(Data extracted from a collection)
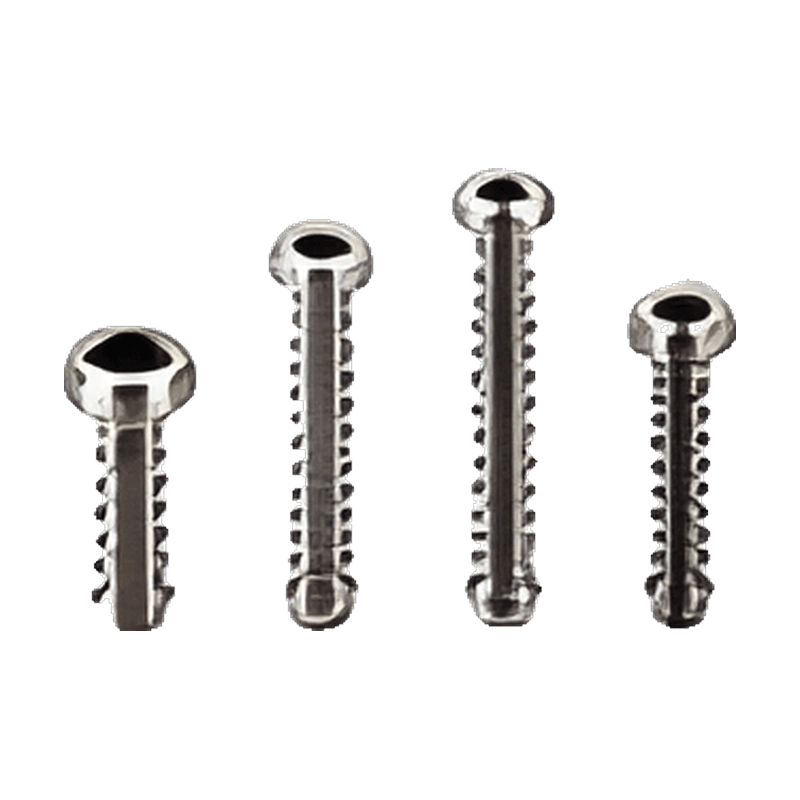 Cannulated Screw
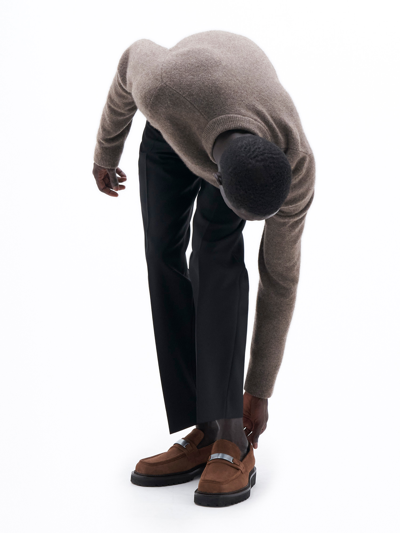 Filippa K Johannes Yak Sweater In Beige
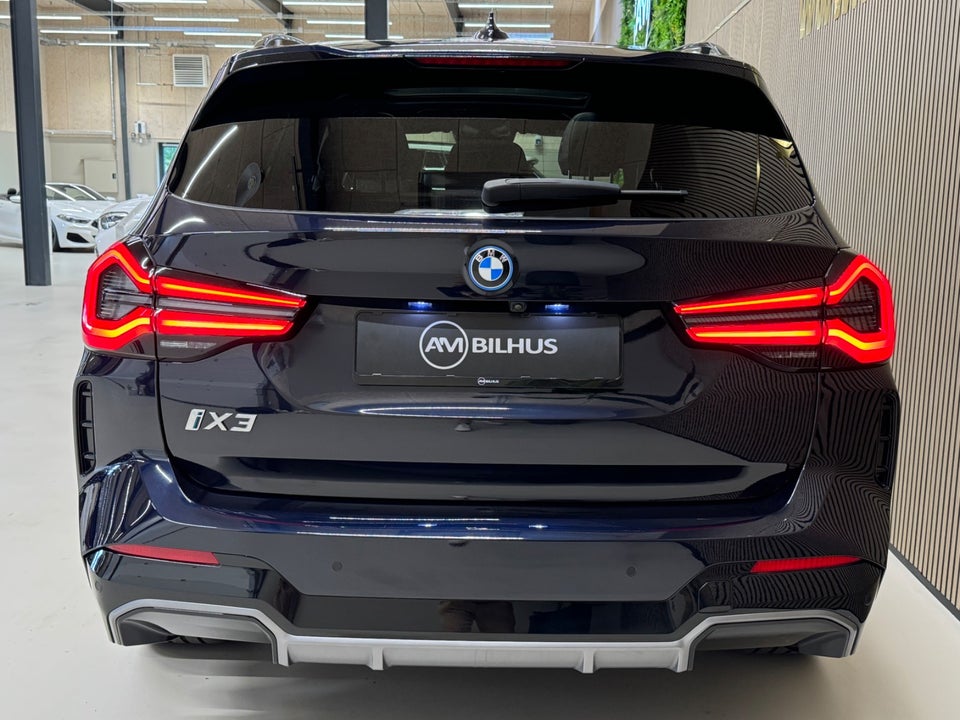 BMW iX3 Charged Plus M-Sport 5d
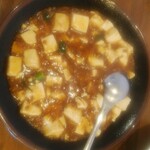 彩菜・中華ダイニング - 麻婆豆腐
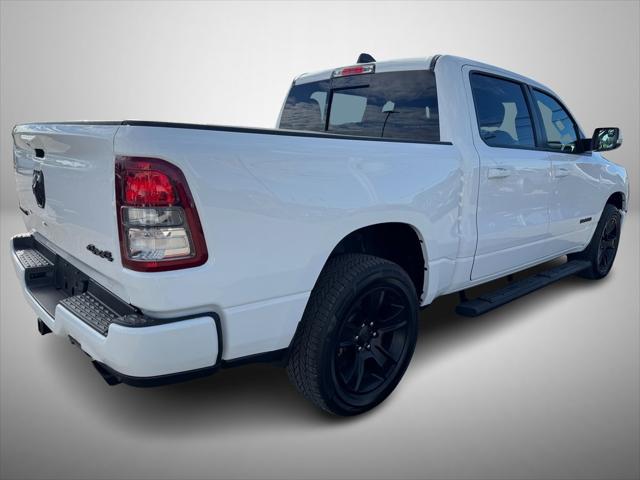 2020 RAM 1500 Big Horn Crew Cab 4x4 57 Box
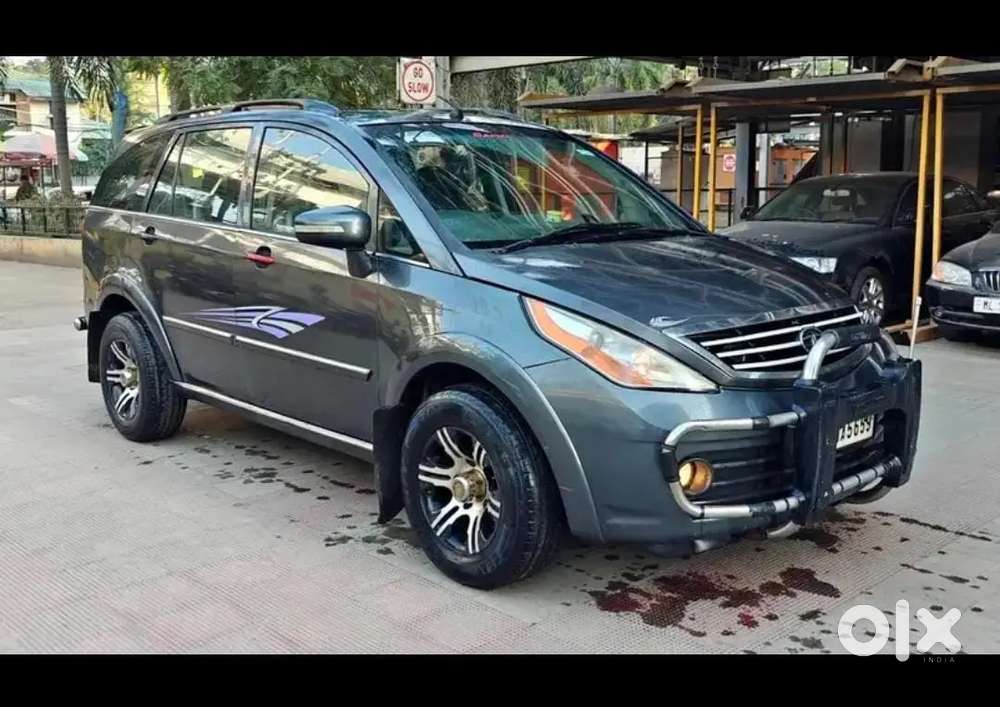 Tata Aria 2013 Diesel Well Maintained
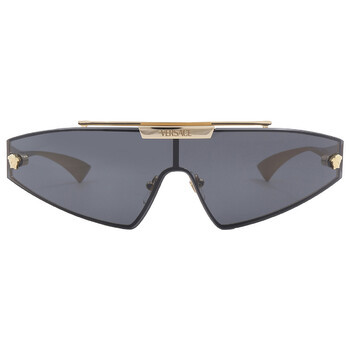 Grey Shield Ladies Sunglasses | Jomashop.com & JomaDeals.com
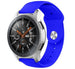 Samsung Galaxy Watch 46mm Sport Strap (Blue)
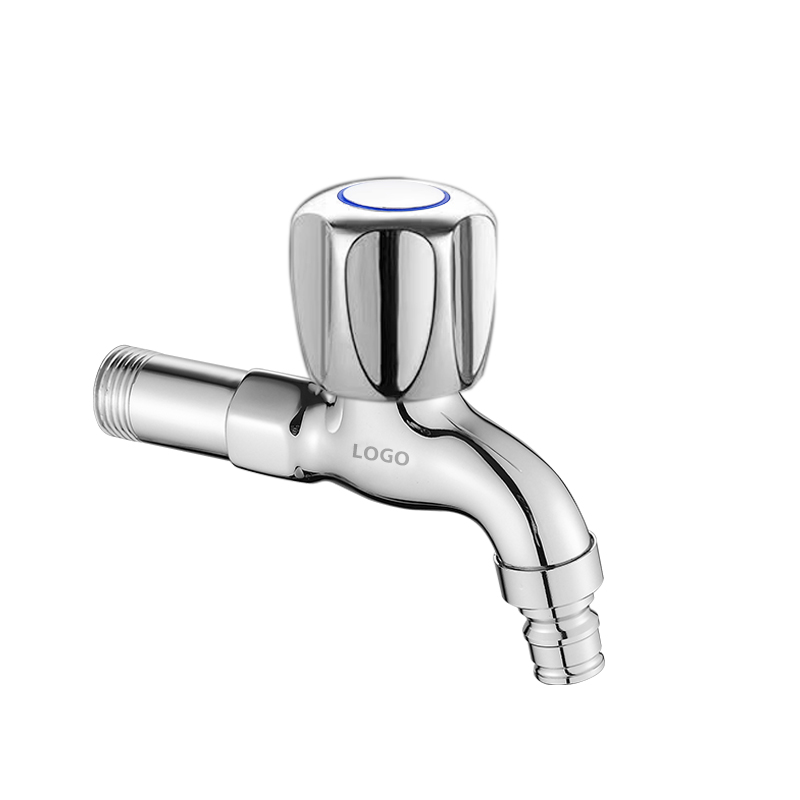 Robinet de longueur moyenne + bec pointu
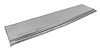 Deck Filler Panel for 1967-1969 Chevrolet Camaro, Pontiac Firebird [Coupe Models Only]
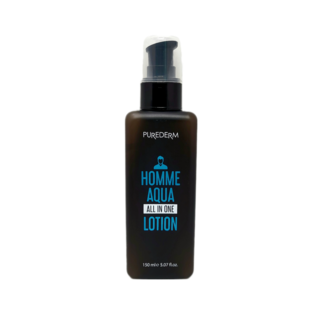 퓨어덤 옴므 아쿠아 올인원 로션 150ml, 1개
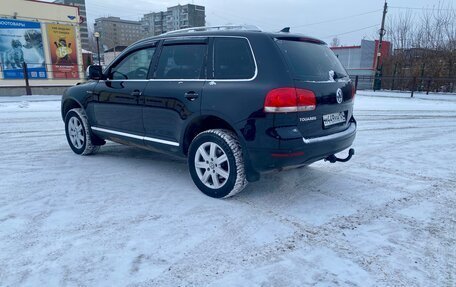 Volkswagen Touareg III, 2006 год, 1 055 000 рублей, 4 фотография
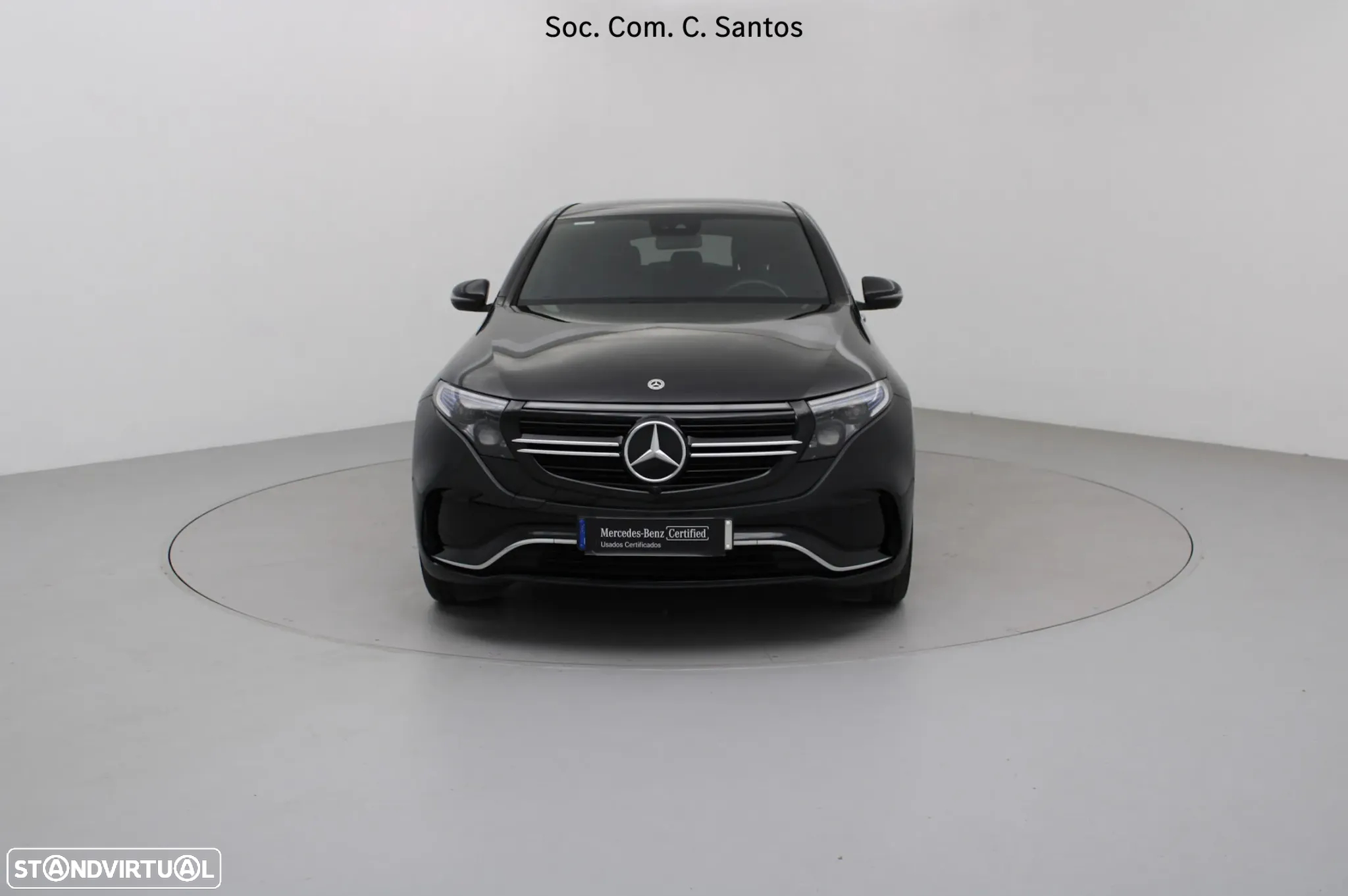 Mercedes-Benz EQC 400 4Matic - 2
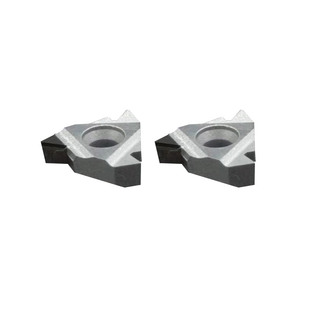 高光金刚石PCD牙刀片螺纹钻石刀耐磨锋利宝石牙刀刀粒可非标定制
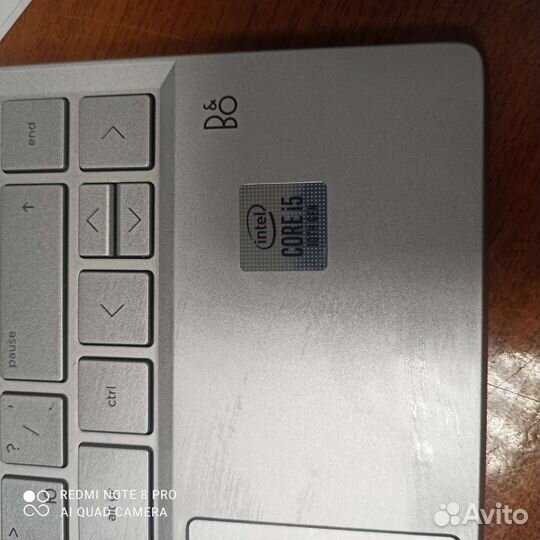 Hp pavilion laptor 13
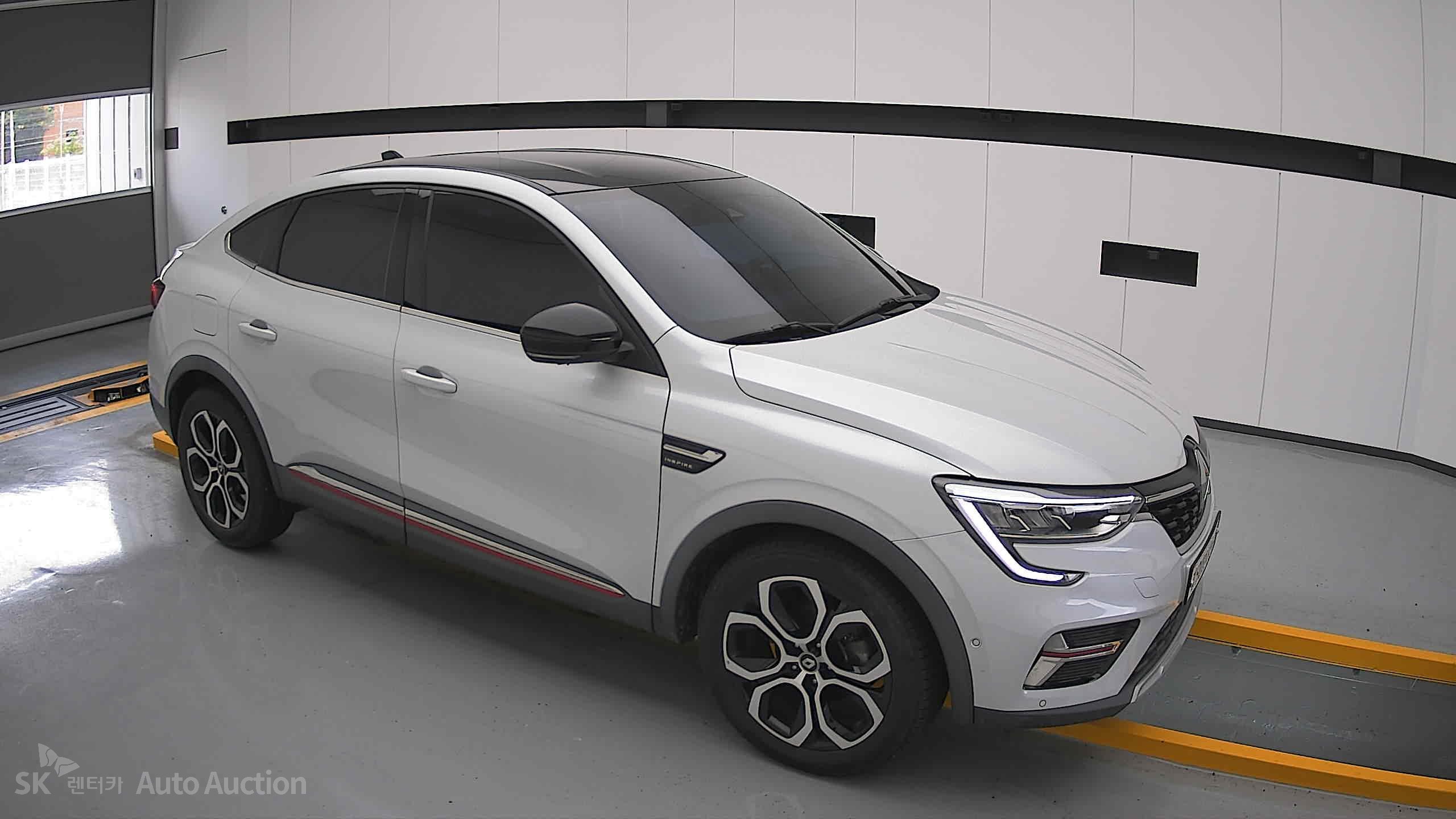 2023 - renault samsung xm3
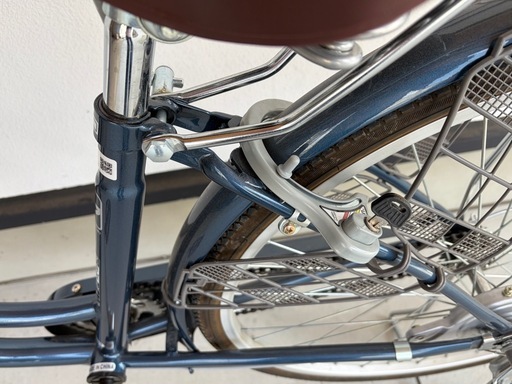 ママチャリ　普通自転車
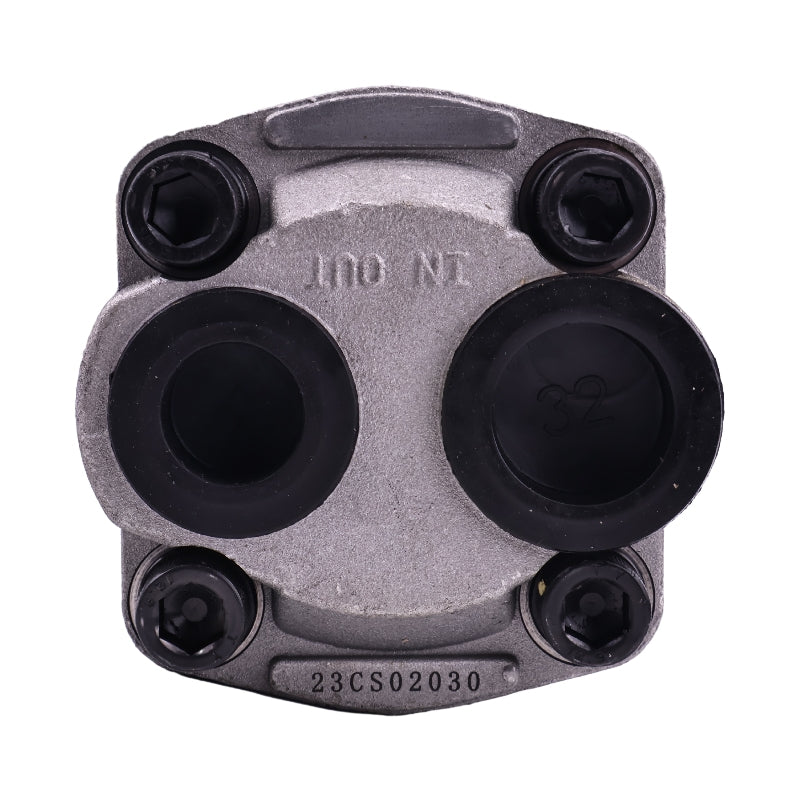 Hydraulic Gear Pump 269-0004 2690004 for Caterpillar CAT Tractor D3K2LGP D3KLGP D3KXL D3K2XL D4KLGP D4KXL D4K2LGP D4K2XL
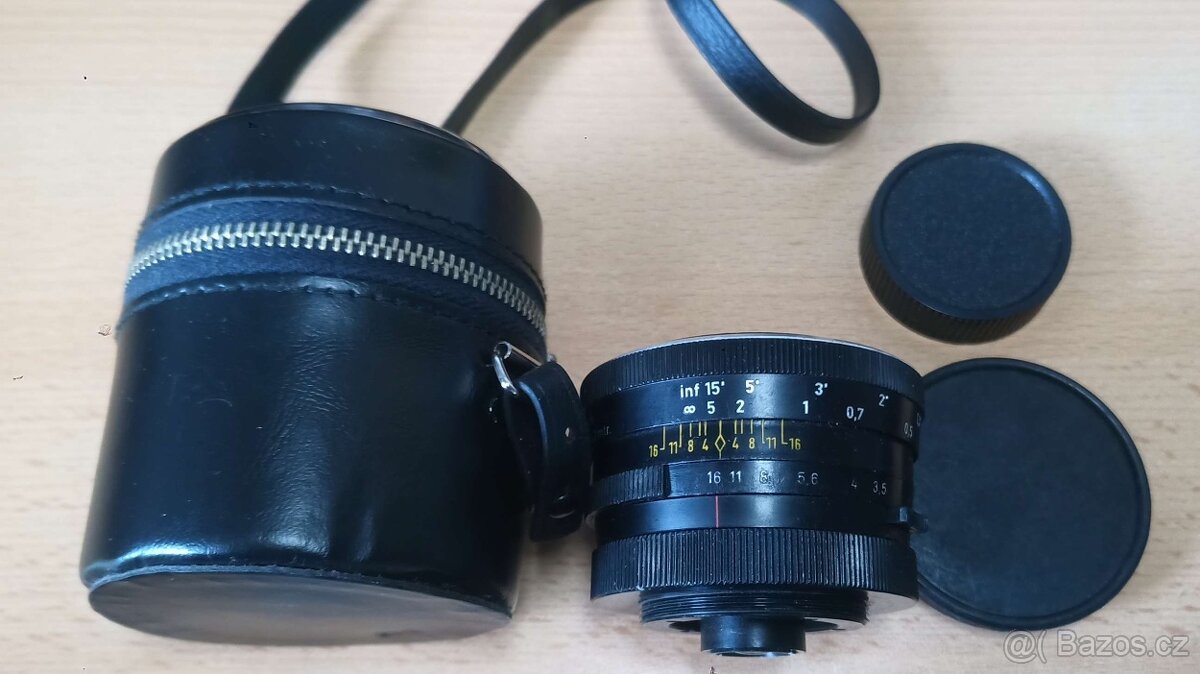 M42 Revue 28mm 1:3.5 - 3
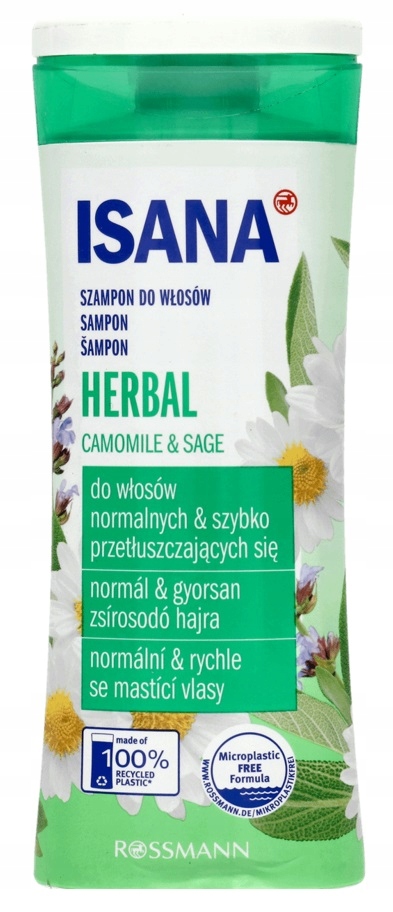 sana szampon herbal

(Instructions for the task)
Return only the lines from the one containing "ママチャリ　普通自転車" through the last line of the entries above, exactly as written and without pictures.

(Response to the task)
 ママチャリ　普通自転車
 Hydraulic Gear Pump 269-0004 2690004 for Caterpillar CAT Tractor D3K2LGP D3KLGP D3KXL D3K2XL D4KLGP D4KXL D4K2LGP D4K2XL
 M42 Revue 28mm 1:3.5 - 3
 sana szampon herbal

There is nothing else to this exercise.